Because the world is a broken place, filled with broken people, it’s not easy being a child. Other children, tired and pressured adults, unhappy siblings–just about anyone a child relates to can be a source of tension and anxiety.
But the reverse can be true as well. Every time we interact with a child, we have the opportunity to make a positive difference in his or her life. And “How to Really Love Your Child” is a kind of primer on how we can best do that, applicable to anyone who relates to children, not just parents. If you have a child or a grandchild, a niece or a nephew, or even a child you interact with regularly in your neighborhood or church, you will find this book helpful.
I read this* while on vacation with five children and found it immediately practical. The insights are clear yet very profound. It only took me a few hours to read the book but I reflected on it for several days and discussed some of the ideas with the other adults.
The chapters that were especially helpful for me were on the love a child needs and the anger a child expresses. The first reminded me how vital it is for a child to feel loved unconditionally.
“There is no way to over-love a child; none of us, for that matter, can ever receive too much genuine love. Children need so much of it…”
In the press of daily life, it is so easy to forget or overlook this. A child constantly needs to experience love in action.
The second reminded me that at times, when a child is angry, he or she is not always so easy to love.

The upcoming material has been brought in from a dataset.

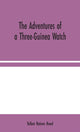 Book cover of: Adventures of a Three-Guinea Watch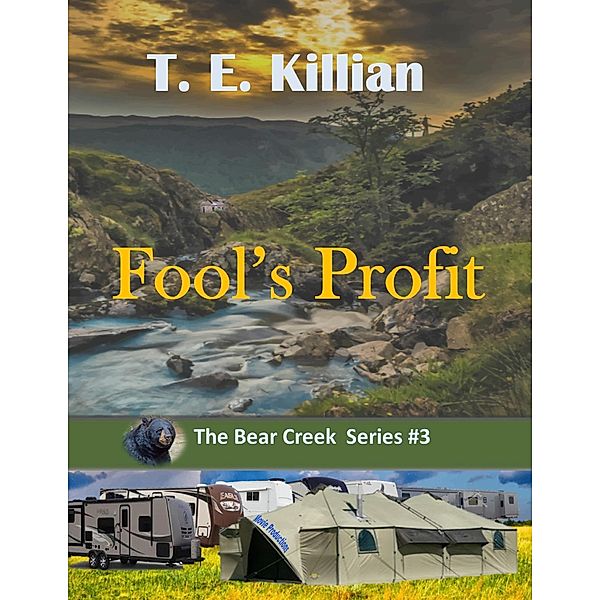 Fool's Profit (Bear Creek Series, #3) / Bear Creek Series, T. E. Killian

Campbell gives some real-world advice on being with a child who is whining or crying (which as we know happens just about any time you are with a child!), It was comforting to read that some of my impatience in those situations is normal and yet can be overcome.

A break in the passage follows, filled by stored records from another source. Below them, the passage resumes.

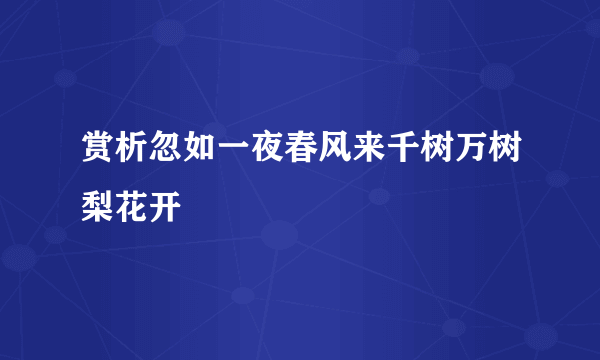 赏析忽如一夜春风来千树万树梨花开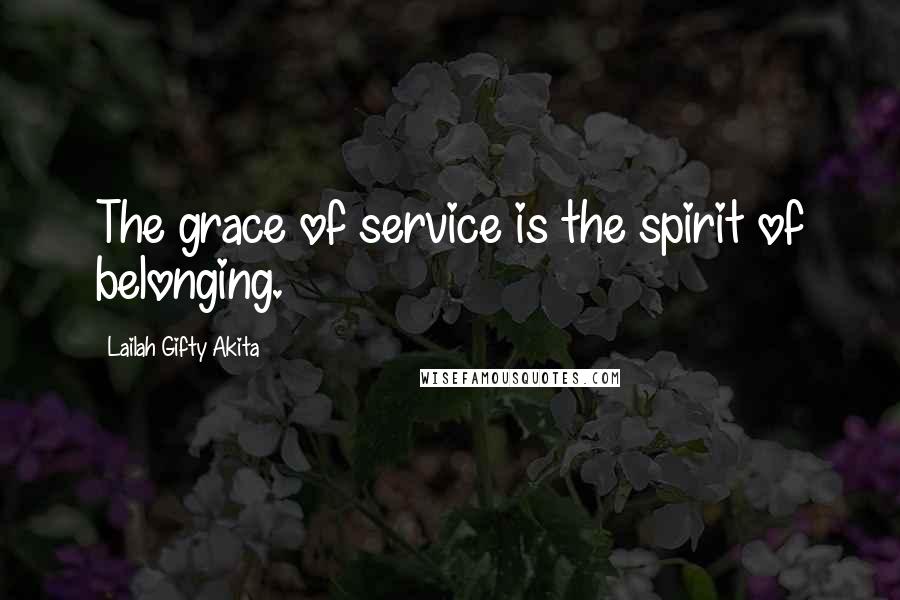 Lailah Gifty Akita Quotes: The grace of service is the spirit of belonging.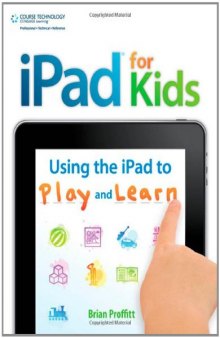 iPad for Kids: Using the iPad to Play and Learn  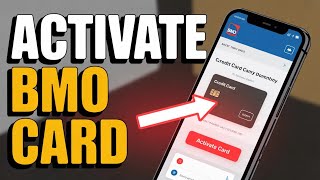How to activate BMO credit card in mobile app - Easy Method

People were bringing little children to Jesus for him to place his hands on them, but the disciples rebuked them. When Jesus saw this, he was indignant. He said to them, “Let the little children come to me, and do not hinder them, for the kingdom of God belongs to such as these. Truly I tell you, anyone who will not receive the kingdom of God like a little child will never enter it.” And he took the children in his arms, placed his hands on them and blessed them.
Who are the children in your life?
What can you do to love them this week?
I read the “How to Really Love Your Grandchild” version–and have a loanable Kindle copy if you are interested.
A nice companion to Campbell’s book is “Finding Home: An Imperfect Path to Faith and Family” by Jim Daly. This memoir is a powerful story about how love and its absence can affect a child, and how a loving adult can make a difference to a child.